It's surprising that some lesser-known tools outperformed big names like Pika Labs. Not sure image to video AI tools are ready to replace traditional animation yet, but these are getting pretty good.
Yeah I'm honestly shocked by how consistently poorly Pika Labs performs in my tests. And Vidu + PixVerse were definitely pleasant surprises.
Looking at the progress in this space (Creepy Will Smith eating spaghetti last year, realistic videos this year), I think we'll get to Midjourney-level of photorealism in the AI video space by next year. But time will tell.
Yeah man, I already expected that Veo would hold up since even Veo 2 was in the top tier, but Grok came seemingly our of nowhere and it's really, really good. Tried it also with text prompts and other image inputs. It's solid!
Wow what a lot of work! Re God Tier---though in similar rank, I find them to be so different with different and obvious flaws that its hard (just based on these two experiments each) to choose. None actually got the wheels correct drive configuration. Thats the first thing I look at because just having the static train car photo move by is no big accomplishment. The wheels are the test. Re Steam Punk: the computational power and prompting needed to actually correlate the hands to be convincing to a violin player is just not feasible but several were better at it. No cigar for any though. I know this is all new tech so the future looks bright.
You're probably right. I might be a bit too lenient in not nitpicking on the micro details, mostly because I still remember what video models were like in late 2023 and what a huge leap this new generation is.
Also, as I write in the concluding section, I think these two tests are no longer representative. We're at the "Daniel benchmark saturation" phase. So if I do this exercise again next year, it'll be with more complex choreography and perhaps even longer multishot scenes.
Judging by the pace of progress in image and video generation, I'd agree with your "future looks bright" take.

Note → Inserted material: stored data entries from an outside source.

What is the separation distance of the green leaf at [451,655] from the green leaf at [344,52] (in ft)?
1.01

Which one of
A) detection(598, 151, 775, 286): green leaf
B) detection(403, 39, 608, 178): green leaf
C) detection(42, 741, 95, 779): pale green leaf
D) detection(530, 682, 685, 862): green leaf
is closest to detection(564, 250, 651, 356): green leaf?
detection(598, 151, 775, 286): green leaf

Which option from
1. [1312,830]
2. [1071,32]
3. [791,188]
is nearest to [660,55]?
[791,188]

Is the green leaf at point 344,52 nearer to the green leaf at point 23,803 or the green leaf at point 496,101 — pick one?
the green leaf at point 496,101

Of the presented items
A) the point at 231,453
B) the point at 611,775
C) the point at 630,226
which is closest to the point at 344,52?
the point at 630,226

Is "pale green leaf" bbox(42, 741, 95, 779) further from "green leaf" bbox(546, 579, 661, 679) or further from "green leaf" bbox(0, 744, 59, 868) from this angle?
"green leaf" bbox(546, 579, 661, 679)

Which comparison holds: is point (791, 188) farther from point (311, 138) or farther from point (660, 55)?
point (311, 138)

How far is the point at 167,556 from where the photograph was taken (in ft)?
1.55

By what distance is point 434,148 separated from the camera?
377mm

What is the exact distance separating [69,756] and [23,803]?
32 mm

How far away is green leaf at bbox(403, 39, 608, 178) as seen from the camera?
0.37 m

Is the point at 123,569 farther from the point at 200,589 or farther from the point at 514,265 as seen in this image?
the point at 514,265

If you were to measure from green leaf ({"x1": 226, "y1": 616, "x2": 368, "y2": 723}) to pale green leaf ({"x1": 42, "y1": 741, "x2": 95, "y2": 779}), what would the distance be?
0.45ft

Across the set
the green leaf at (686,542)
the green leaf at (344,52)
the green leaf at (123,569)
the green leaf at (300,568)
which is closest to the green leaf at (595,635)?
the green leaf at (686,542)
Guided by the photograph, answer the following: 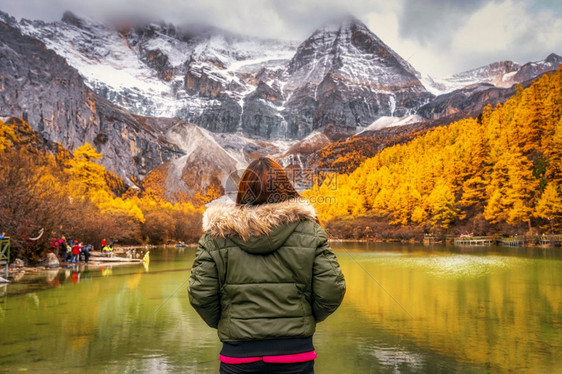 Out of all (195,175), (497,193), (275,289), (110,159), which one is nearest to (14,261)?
(275,289)

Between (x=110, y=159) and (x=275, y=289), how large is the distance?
4785 inches

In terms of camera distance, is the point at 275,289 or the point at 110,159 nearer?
the point at 275,289

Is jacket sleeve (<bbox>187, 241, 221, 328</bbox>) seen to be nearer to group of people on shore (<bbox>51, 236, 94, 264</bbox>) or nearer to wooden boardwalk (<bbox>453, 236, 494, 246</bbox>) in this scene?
group of people on shore (<bbox>51, 236, 94, 264</bbox>)

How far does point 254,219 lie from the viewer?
232cm

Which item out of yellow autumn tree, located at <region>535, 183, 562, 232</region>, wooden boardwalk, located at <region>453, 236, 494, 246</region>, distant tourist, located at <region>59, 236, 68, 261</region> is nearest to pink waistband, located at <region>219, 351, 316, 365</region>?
distant tourist, located at <region>59, 236, 68, 261</region>

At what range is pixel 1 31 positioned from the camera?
94.2 meters

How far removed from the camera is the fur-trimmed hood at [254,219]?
232 cm

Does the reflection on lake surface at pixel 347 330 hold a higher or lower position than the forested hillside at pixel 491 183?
lower

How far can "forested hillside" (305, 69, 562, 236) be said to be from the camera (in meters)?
42.2

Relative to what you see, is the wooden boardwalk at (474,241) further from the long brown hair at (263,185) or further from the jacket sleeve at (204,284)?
the jacket sleeve at (204,284)

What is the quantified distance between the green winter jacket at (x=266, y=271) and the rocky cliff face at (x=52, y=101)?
89873mm

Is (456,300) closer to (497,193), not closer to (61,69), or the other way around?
(497,193)


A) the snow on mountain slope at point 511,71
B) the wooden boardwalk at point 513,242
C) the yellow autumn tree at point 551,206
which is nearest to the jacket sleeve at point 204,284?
the wooden boardwalk at point 513,242

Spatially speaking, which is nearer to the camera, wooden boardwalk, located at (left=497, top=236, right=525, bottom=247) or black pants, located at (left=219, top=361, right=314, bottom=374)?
black pants, located at (left=219, top=361, right=314, bottom=374) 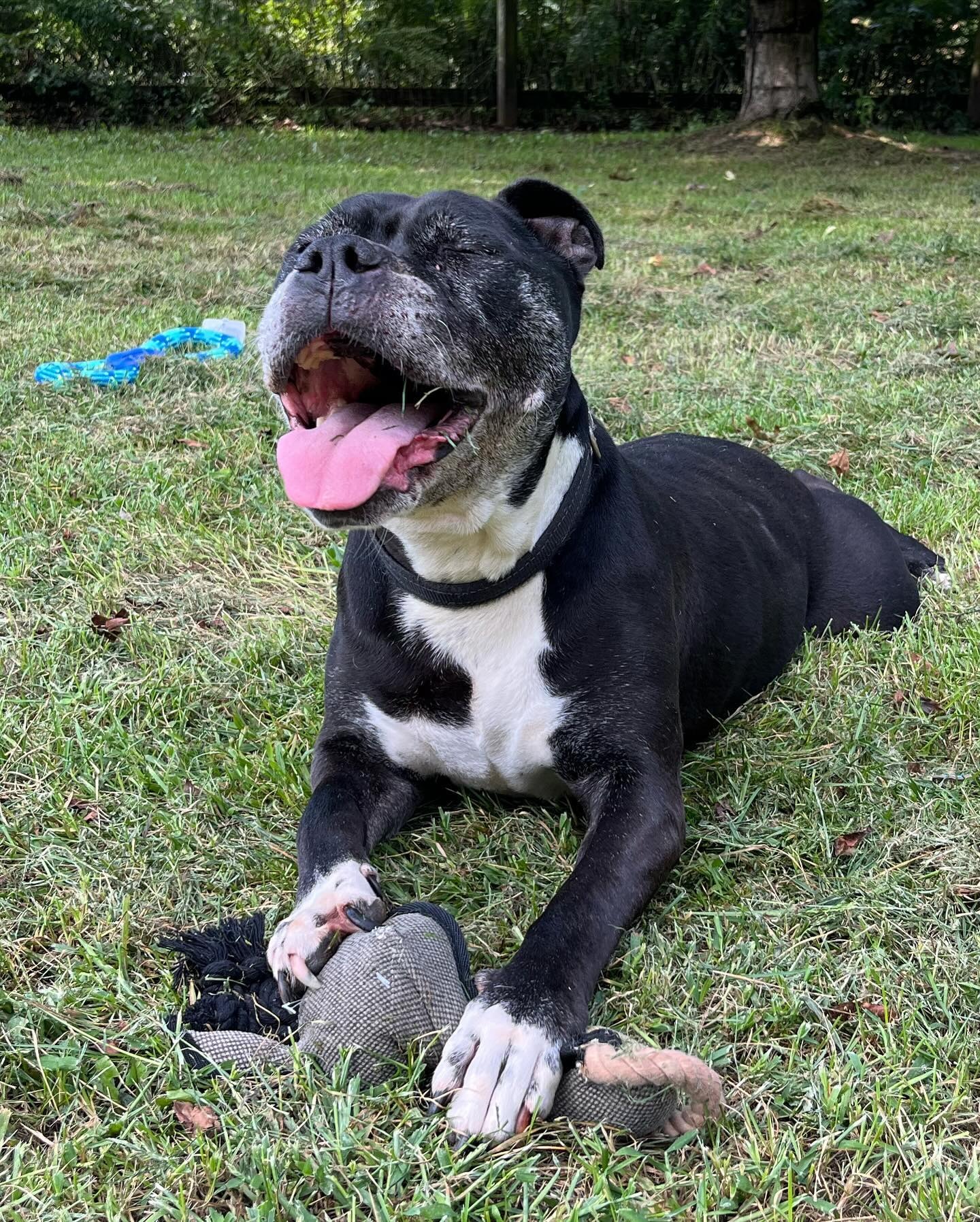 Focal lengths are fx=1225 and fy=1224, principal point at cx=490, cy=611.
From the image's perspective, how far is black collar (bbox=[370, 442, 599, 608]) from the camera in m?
3.02

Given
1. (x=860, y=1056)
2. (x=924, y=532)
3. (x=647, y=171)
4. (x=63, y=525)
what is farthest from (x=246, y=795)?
(x=647, y=171)

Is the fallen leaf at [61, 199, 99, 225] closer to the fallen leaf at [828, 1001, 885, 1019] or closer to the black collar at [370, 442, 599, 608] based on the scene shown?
the black collar at [370, 442, 599, 608]

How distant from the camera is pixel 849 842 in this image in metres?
3.03

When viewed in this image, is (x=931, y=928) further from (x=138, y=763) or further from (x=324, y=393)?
(x=138, y=763)

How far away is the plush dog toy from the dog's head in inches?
36.5

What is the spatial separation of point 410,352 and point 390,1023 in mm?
1391

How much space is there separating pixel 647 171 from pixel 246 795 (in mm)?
14724

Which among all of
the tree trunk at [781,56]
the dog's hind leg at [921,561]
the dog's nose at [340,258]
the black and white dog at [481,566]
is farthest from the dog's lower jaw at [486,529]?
the tree trunk at [781,56]

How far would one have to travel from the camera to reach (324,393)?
2.95 m

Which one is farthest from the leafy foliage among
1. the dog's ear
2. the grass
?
the dog's ear

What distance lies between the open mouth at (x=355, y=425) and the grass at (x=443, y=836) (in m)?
0.95

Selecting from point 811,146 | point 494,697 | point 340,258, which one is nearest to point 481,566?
point 494,697

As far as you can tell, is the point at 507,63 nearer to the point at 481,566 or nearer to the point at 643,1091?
the point at 481,566

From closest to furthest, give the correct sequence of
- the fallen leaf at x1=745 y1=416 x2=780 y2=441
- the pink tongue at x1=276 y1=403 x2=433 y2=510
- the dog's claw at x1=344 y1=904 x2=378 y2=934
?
1. the dog's claw at x1=344 y1=904 x2=378 y2=934
2. the pink tongue at x1=276 y1=403 x2=433 y2=510
3. the fallen leaf at x1=745 y1=416 x2=780 y2=441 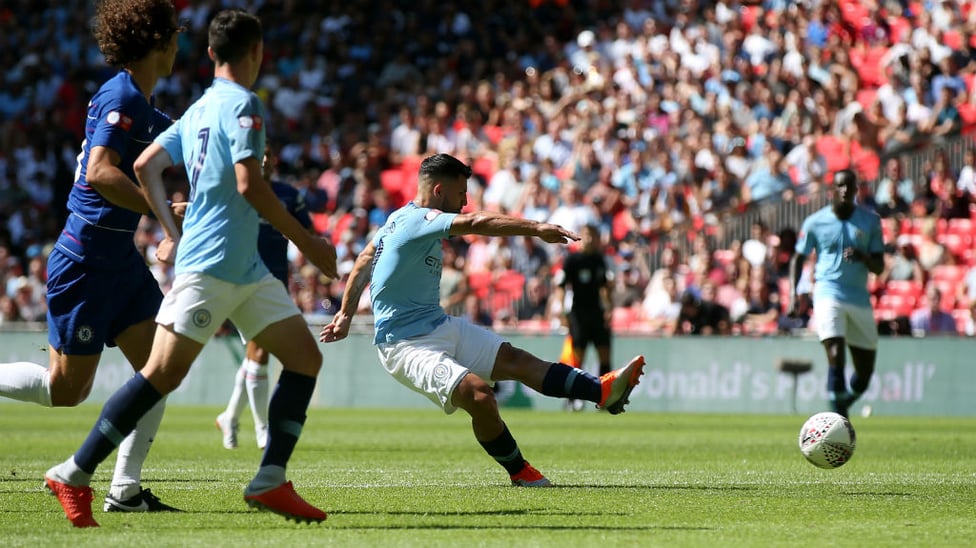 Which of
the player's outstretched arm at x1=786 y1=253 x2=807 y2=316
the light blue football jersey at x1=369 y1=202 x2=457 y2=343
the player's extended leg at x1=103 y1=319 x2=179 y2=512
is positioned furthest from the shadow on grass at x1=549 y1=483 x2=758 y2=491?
the player's outstretched arm at x1=786 y1=253 x2=807 y2=316

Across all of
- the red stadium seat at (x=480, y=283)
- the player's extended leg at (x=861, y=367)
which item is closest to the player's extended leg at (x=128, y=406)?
the player's extended leg at (x=861, y=367)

They are the current leaders in text-to-speech with lots of additional tools (especially if you pay) like voice cloning, voice isolator, sound effects, etc. They offer 32 languages out of the box, so I guess it depends on which languages you're after!
It makes me wonder if the original surrealist prompt confused the two that made the train run backwards. After all, that's pretty surreal! Same with the sort of ghost train moving from the back to the front.
The kid inside me (like 95% of who I am) is blown away by these incredible things.
Could be, although I normally find that text prompts have a rather minor effect when a starting image is used. (In fact, they're pretty much always optional, and you can just upload an image and ask for a video without further context.)
But yeah, I've now been writing about GenAI for 2 years and while I'm a bit more used to seeing these insane advances, it still feels magical how much AI can do now, in so many areas.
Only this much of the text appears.